- [Problem to work on] A partial copy is required: transcribe exactly the lines from the one containing "this 1270×952 image." through the last line below, without any pictures.
___ The input
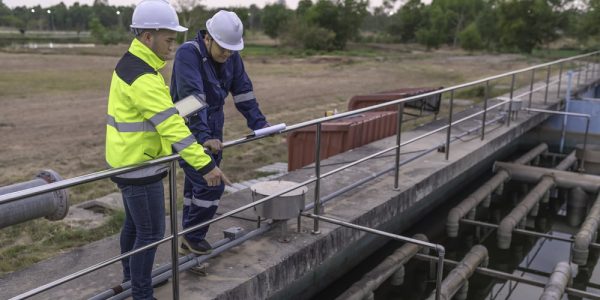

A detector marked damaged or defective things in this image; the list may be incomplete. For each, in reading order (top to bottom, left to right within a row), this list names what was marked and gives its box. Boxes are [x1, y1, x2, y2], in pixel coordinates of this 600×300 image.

rusty brown container [346, 86, 440, 112]
rusty brown container [288, 110, 398, 172]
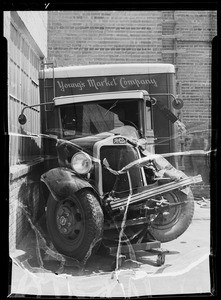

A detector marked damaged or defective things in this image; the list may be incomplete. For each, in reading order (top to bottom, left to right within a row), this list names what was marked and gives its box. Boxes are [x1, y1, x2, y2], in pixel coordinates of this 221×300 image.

damaged fender [41, 168, 96, 203]
wrecked truck [18, 88, 202, 264]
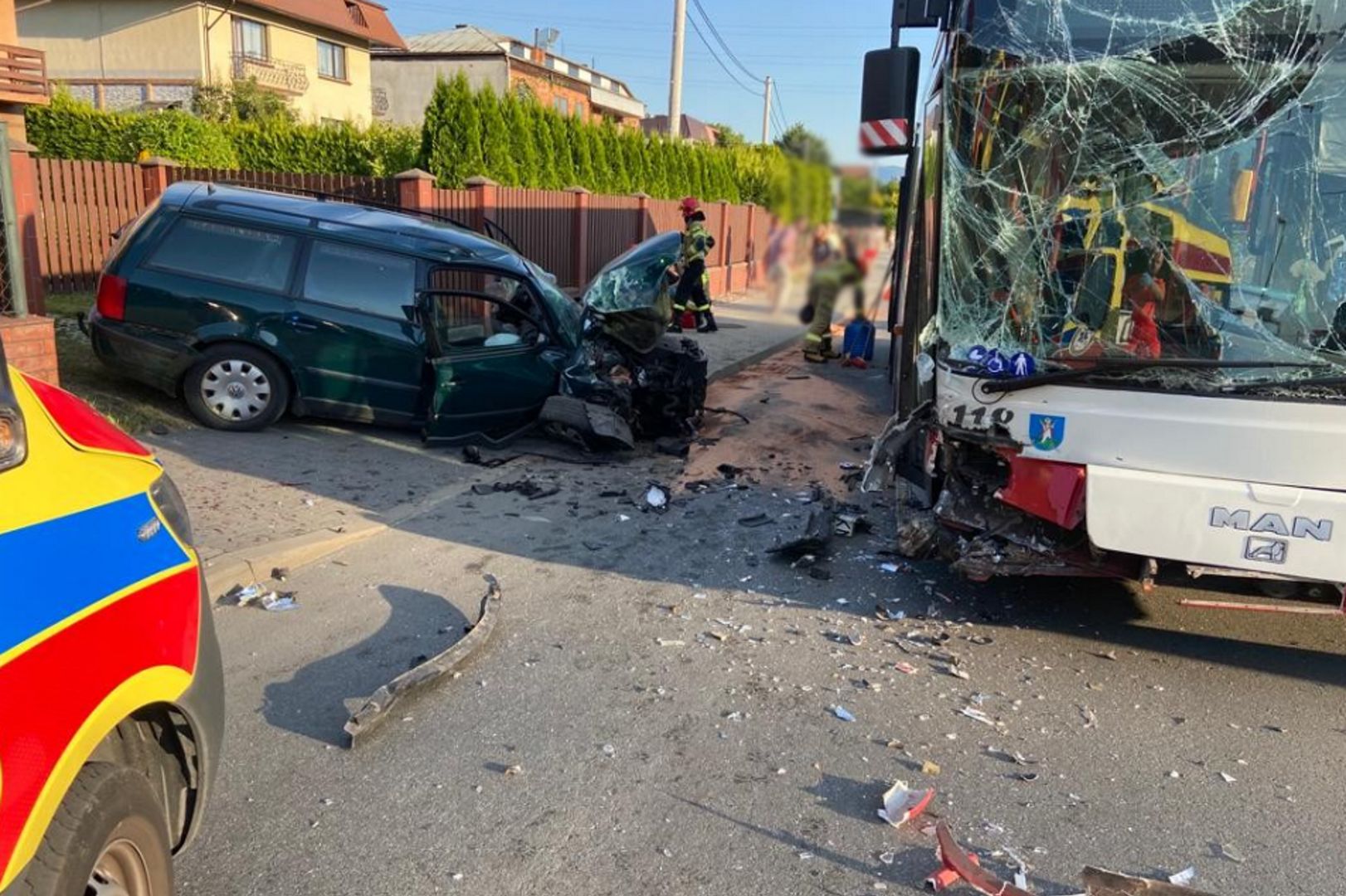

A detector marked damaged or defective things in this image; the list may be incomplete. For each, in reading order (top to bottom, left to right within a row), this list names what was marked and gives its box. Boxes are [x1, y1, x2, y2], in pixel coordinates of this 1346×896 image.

shattered bus windshield [943, 0, 1346, 392]
broken glass [943, 0, 1346, 395]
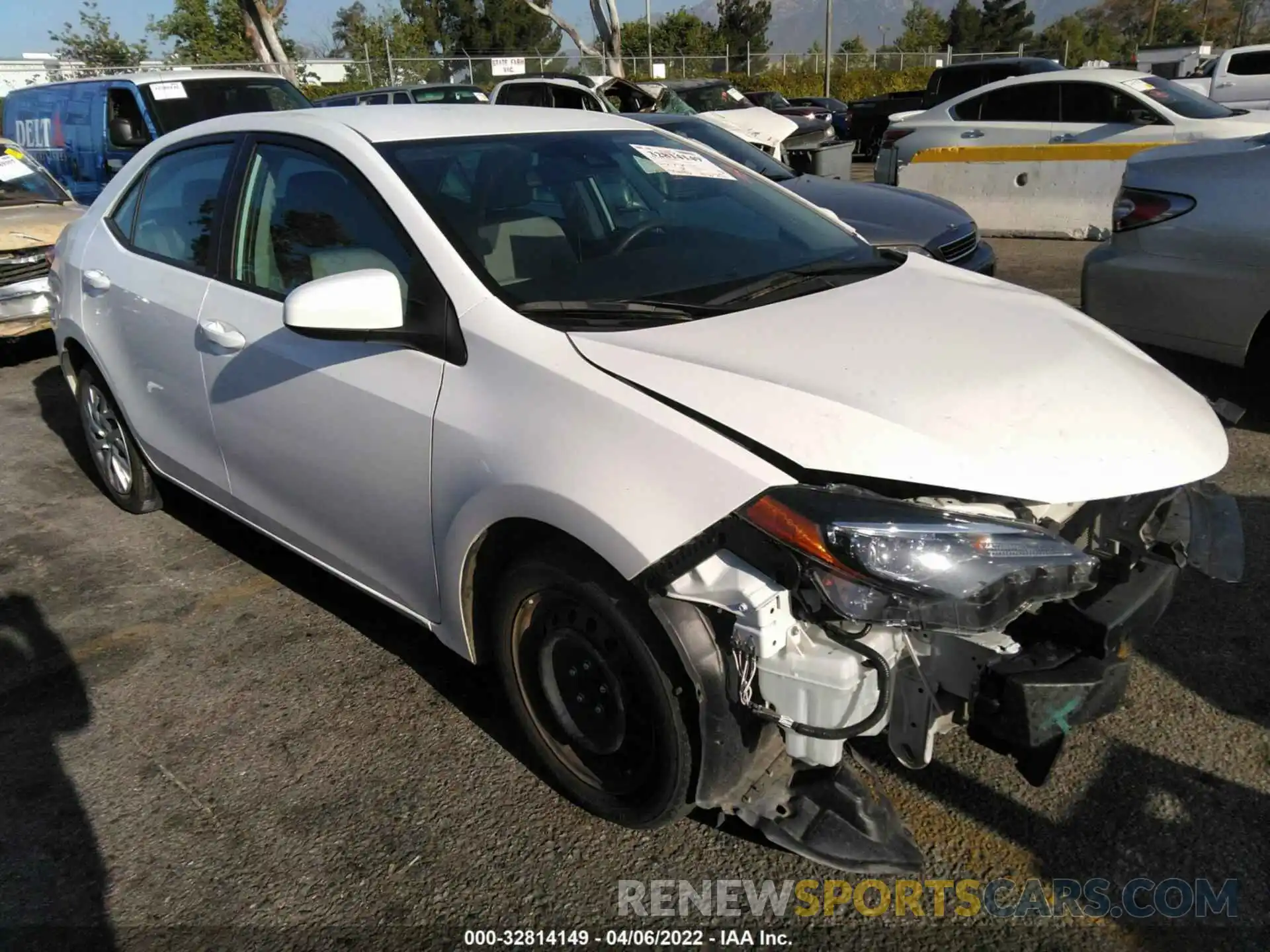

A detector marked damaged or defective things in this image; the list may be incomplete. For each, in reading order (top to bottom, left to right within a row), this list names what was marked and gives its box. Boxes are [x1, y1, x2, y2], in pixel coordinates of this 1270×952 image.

broken headlight housing [741, 487, 1102, 637]
damaged front end of car [635, 479, 1239, 878]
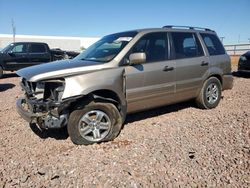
______
- [Task response]
A detector marked damaged or defective things in this image; the list may be incomplete. For each, in reading order (top to bottom, left to right within a row), this list names what was marked and gives its box. Boxes are [x1, y1, x2, y2], in pixel coordinates of this 1270×952 image.

broken headlight housing [741, 487, 1102, 637]
damaged front end of car [635, 479, 1239, 878]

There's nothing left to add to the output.